China wants to go carbon neutral by 2060, which could mean kicking out some tech
Inner Mongolia is under pressure from the Chinese government to reduce its energy use, and the province has responded by cracking down on high-energy activities. It’s curtailing new steel and methanol production and big data centers, and it’s banning cryptocurrency mining.
That’s notable because Inner Mongolia is a huge hub for crypto mining, which requires a tremendous amount of electricity, as supercomputers run millions of calculations to generate new coins. I spoke with Jennifer Pak, Marketplace’s China correspondent. She said the environmental effects of cryptocurrency mining were, in some ways, an economic trade-off. The following is an edited transcript of our conversation.
Jennifer Pak: You have to understand that a lot of the places where cryptocurrency mining is happening are poor places. And so a lot of those local governments want to attract these types of industries, like cryptocurrency mining, because it’s generating economic growth for them. And China is the biggest manufacturer of cryptocurrency mining equipment and [provider of] labor. These are the attractive features of China. And I don’t think that just by one region in China trying to crack down on this would mean that China would no longer be a major player. It still will be.

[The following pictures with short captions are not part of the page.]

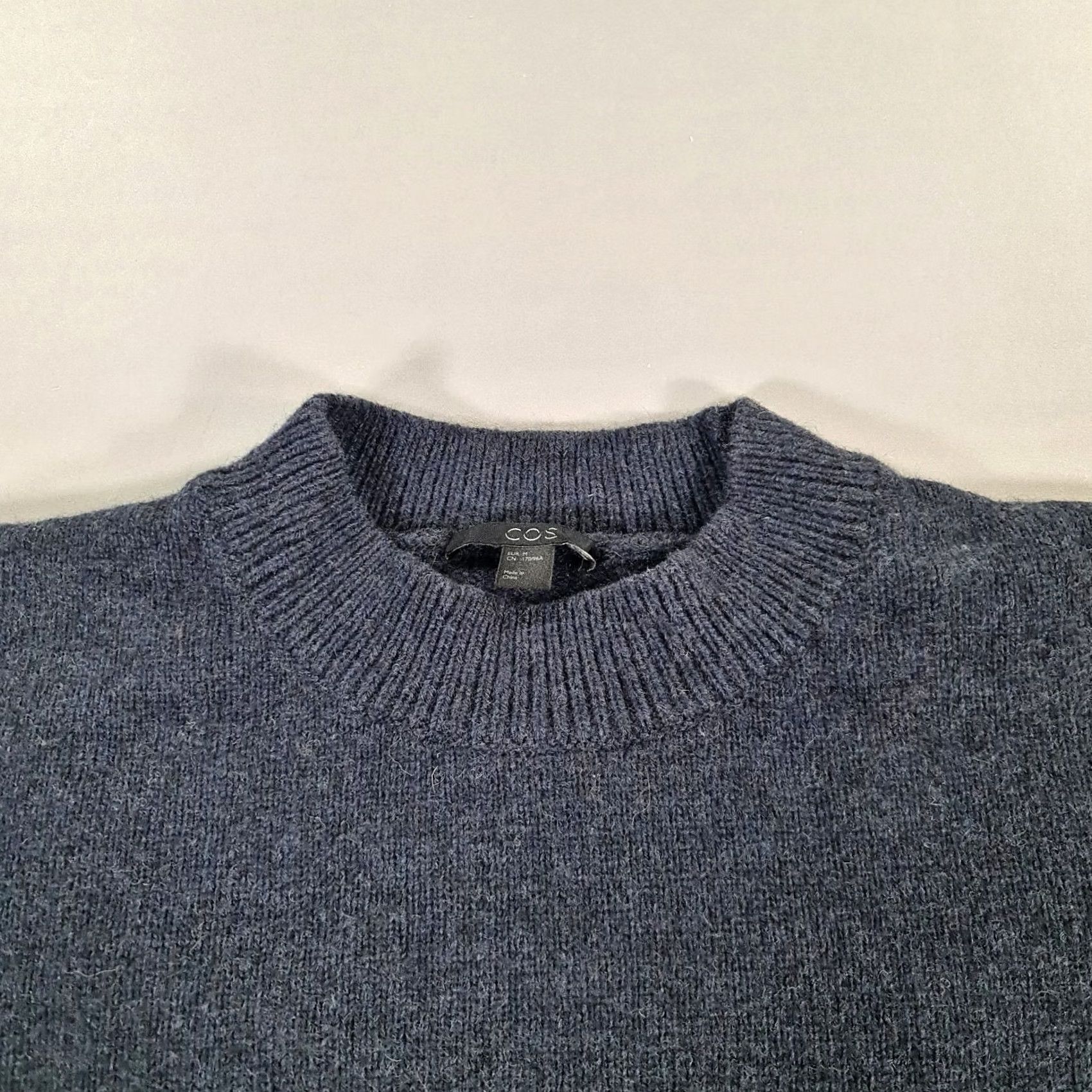 Cos COS Jumper Womens Medium Navy Blue 100% Wool Knit Relaxed Fit Open Back Size M / US 6-8 / IT 42-44 - 2 Thumbnail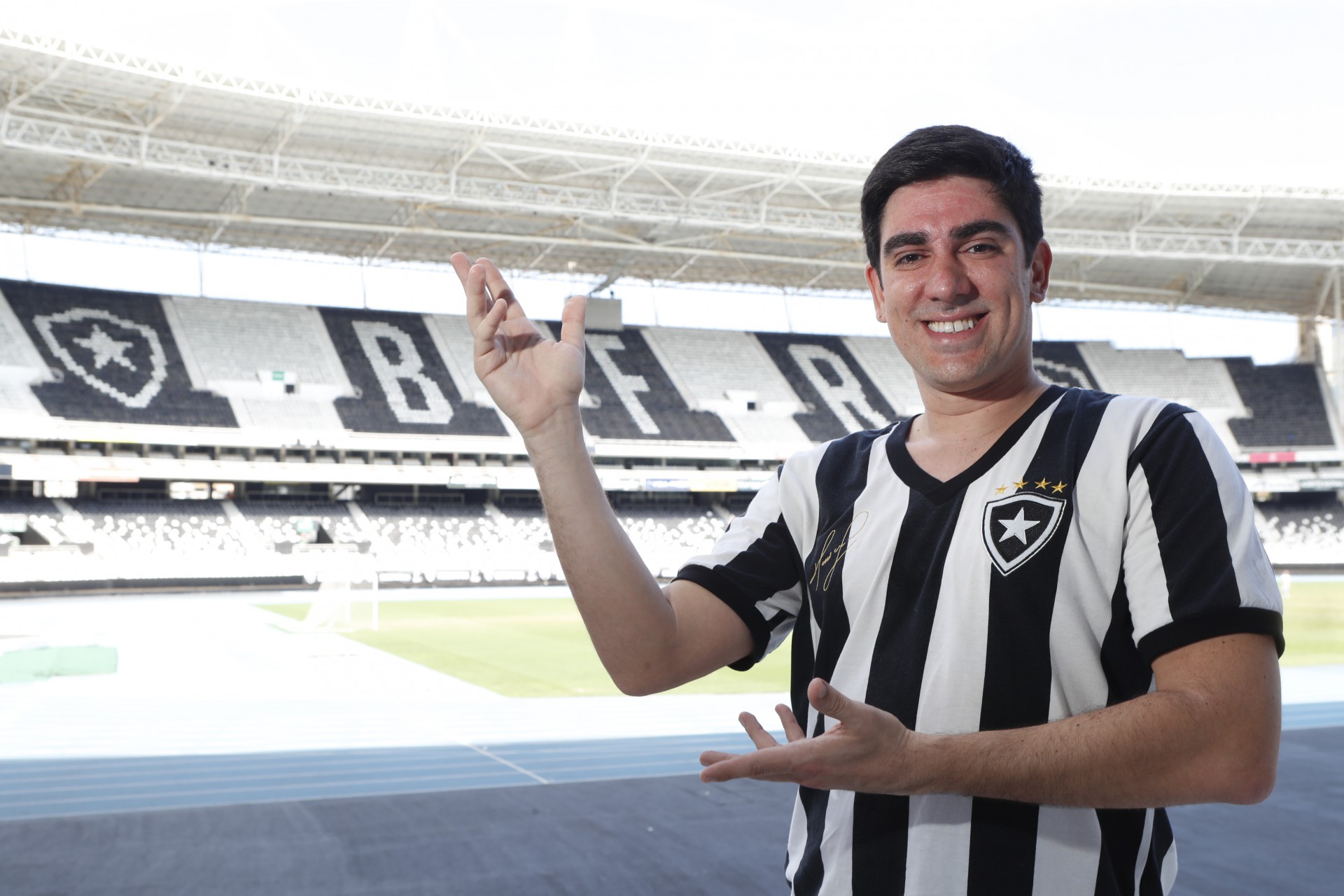 Rio, 13/12/2019, ESPECIAL, entrevista com Marcelo Adnet que compos o enredo para o Botafogo Samba Clube, foto de Gilvan de Souza / Agencia O Dia - Gilvan de Souza / Agencia O Dia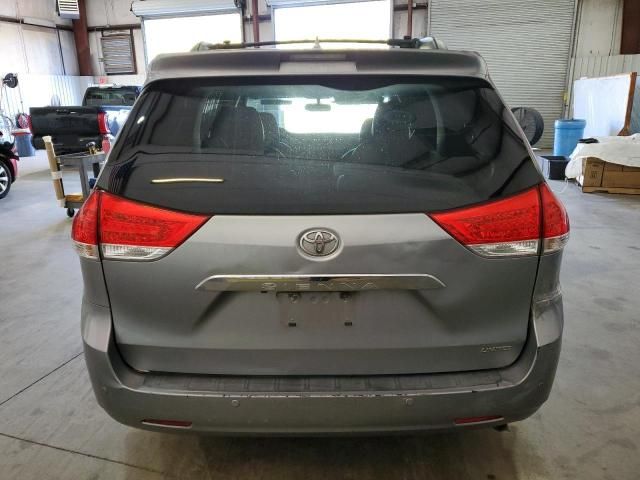 2011 Toyota Sienna XLE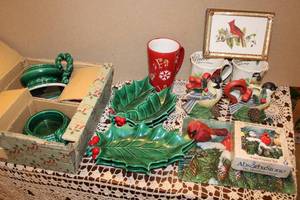 lot 49 image: Lefton Ceramics, Christmas Dishes and Lenox Bird Figurines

Molly Wood: How will this crackdown potentially affect carbon emissions in that region, in Inner Mongolia?
Pak: If it goes according to plan, it’s going to go down. But Inner Mongolia actually has a lot of other renewable energies as well. It’s just that cryptocurrency mining sucks up a lot of electricity. But certainly China has committed itself to going carbon neutral by 2060. And you can be sure that there will be a lot of pressure coming from the central leadership on these various places to get itself in line.
Wood: You know, all countries will have to reduce emissions to keep climate change on track for the goals in the Paris Agreement. Big Tech, in general, from Bitcoin mining to these big, power-intensive data centers, could be more of a target in the future, right? Are there lessons we can take away from this move?
Pak: Definitely, they’re going to be the target. There are other regions, as I mentioned, where China also has cryptocurrency mining bases. So in places like Sichuan and Yunnan, they have rich hydropower. So it’s not always derived from coal. But it is possible that could come from renewable energies. I guess it really comes down to the consumer, the demand, because if you talk about the future of cryptocurrency mining, it really just comes down to the profitability. So it’s likely that you will just keep shifting to wherever it’s most profitable. That kind of mirrors what’s happened to labor-intensive industries, like shoe manufacturing, any other dirty industries that are undesirable. It usually just ends up shifting to other places where the enforcement is rather lax, if you will, because they need the money for development. And that’s basically what the story is here: Inner Mongolia needed the money.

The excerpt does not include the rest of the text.